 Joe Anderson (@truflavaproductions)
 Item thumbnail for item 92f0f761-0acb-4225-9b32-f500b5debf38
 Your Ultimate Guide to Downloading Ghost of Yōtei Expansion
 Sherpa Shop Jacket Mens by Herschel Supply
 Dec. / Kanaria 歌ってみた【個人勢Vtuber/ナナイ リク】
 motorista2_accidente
──────
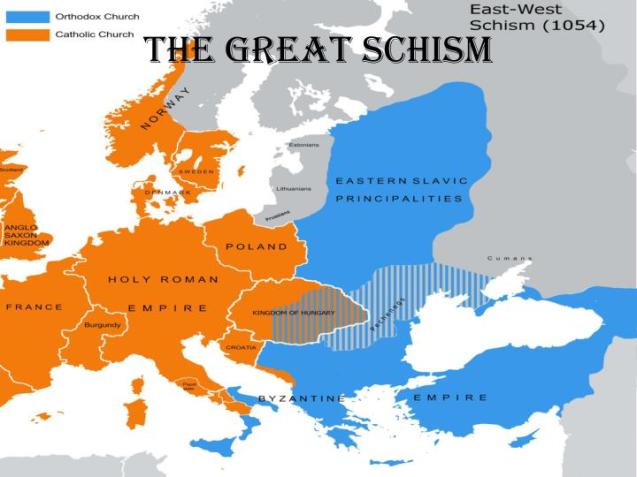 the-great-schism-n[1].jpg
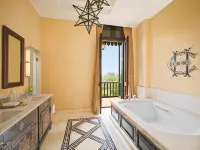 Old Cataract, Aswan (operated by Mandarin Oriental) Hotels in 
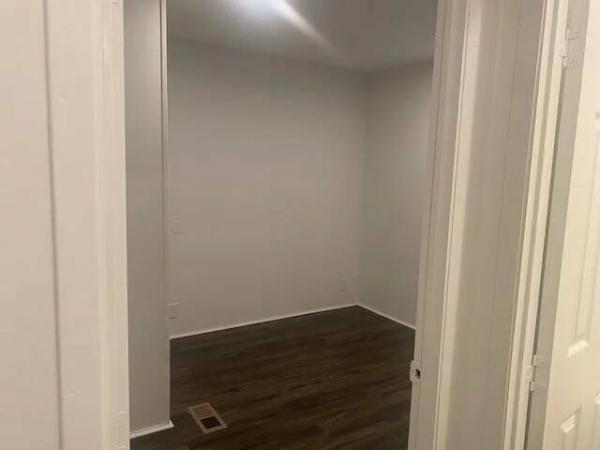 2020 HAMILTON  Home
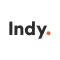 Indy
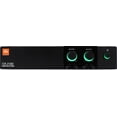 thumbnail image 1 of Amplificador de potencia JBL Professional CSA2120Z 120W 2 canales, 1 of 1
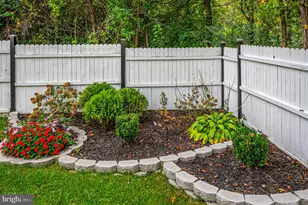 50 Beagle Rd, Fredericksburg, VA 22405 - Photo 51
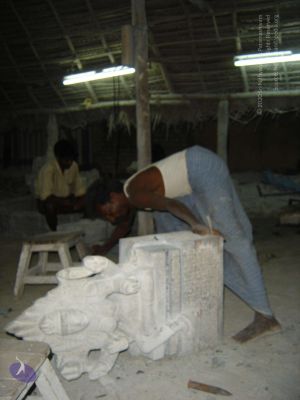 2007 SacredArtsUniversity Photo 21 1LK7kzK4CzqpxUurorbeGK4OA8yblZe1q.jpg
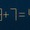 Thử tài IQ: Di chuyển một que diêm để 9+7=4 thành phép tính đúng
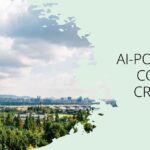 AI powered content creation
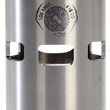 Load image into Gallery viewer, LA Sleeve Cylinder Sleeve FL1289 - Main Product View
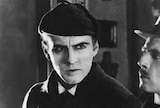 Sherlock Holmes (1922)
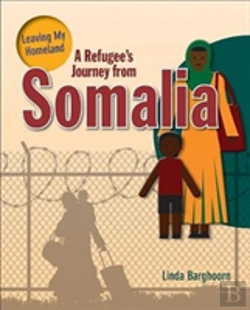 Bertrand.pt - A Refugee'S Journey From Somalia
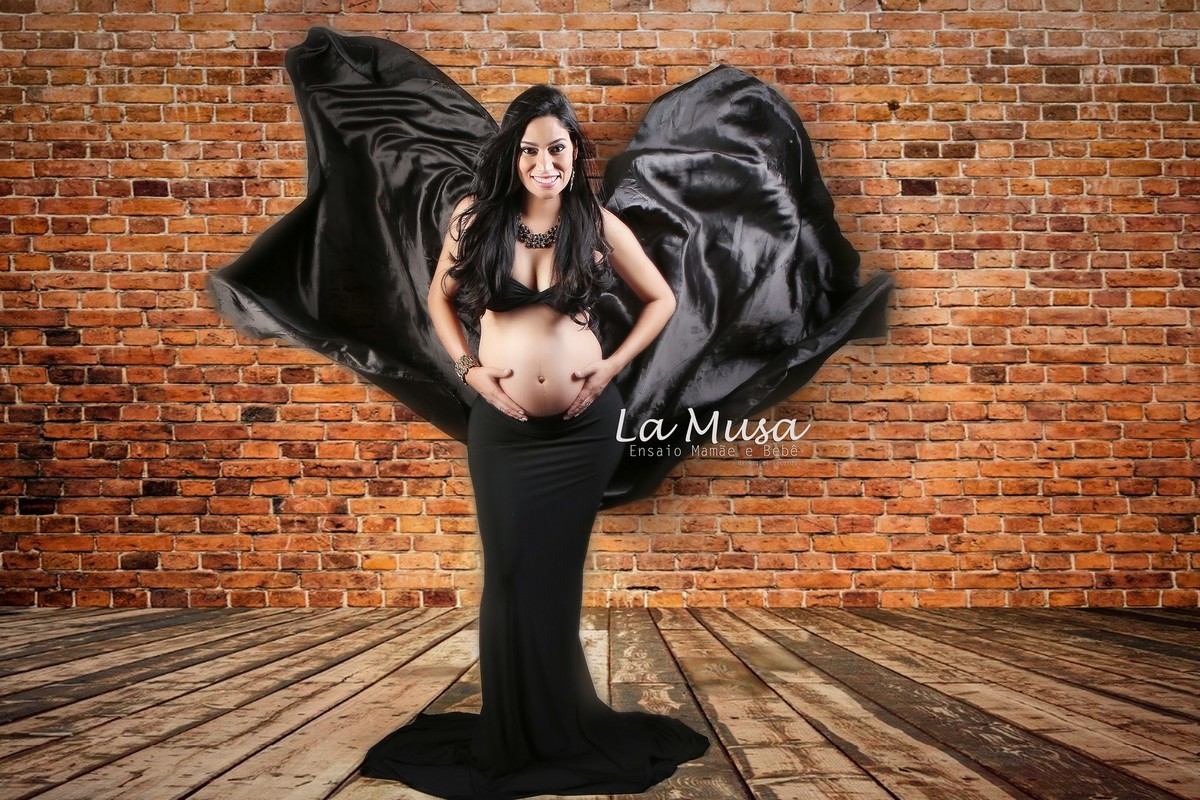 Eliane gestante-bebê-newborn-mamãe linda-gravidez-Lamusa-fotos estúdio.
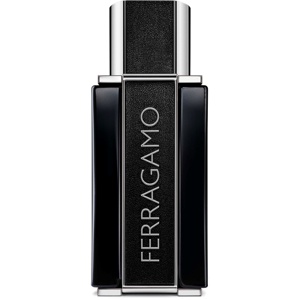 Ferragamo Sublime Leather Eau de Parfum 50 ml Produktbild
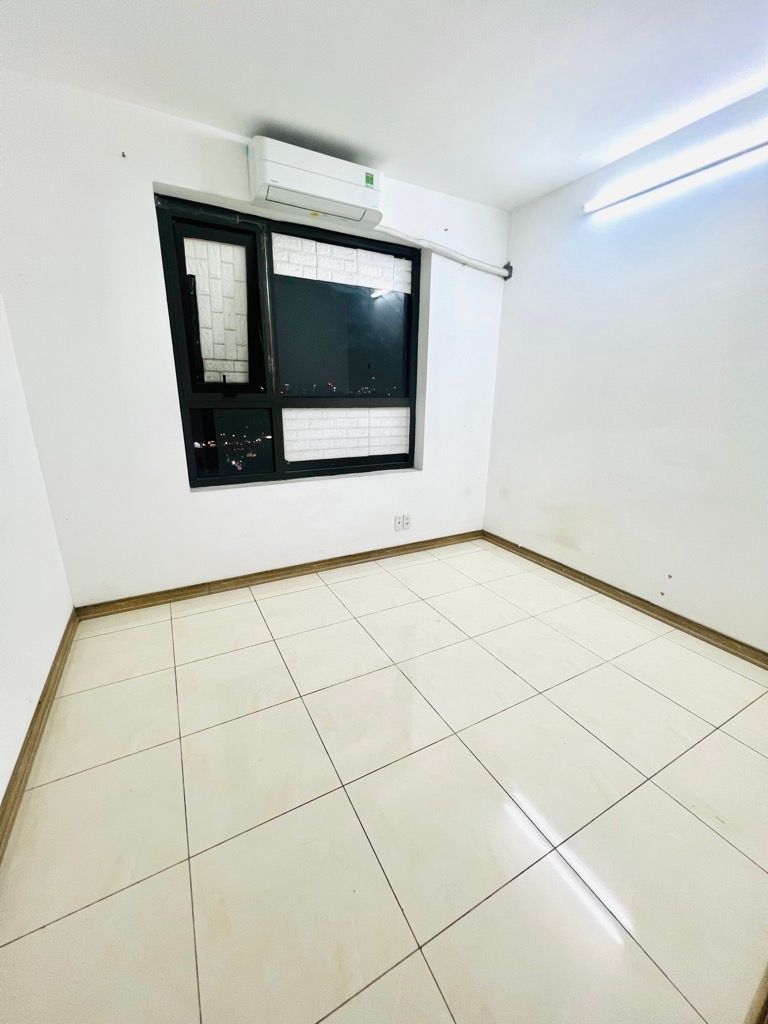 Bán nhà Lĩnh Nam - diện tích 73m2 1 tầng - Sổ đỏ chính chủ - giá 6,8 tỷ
──────
● TASK OBJECTIVE:
What you return from the records above should be exactly everything from the line with "50 Beagle Rd, Fredericksburg, VA" down to the line with "Bertrand.pt - A", both kept, and no pictures.

● ANSWER:
 50 Beagle Rd, Fredericksburg, VA 22405 - Photo 51
 2007 SacredArtsUniversity Photo 21 1LK7kzK4CzqpxUurorbeGK4OA8yblZe1q.jpg
 Thử tài IQ: Di chuyển một que diêm để 9+7=4 thành phép tính đúng
 AI powered content creation
 Load image into Gallery viewer, LA Sleeve Cylinder Sleeve FL1289 - Main Product View
 Sherlock Holmes (1922)
 Bertrand.pt - A Refugee'S Journey From Somalia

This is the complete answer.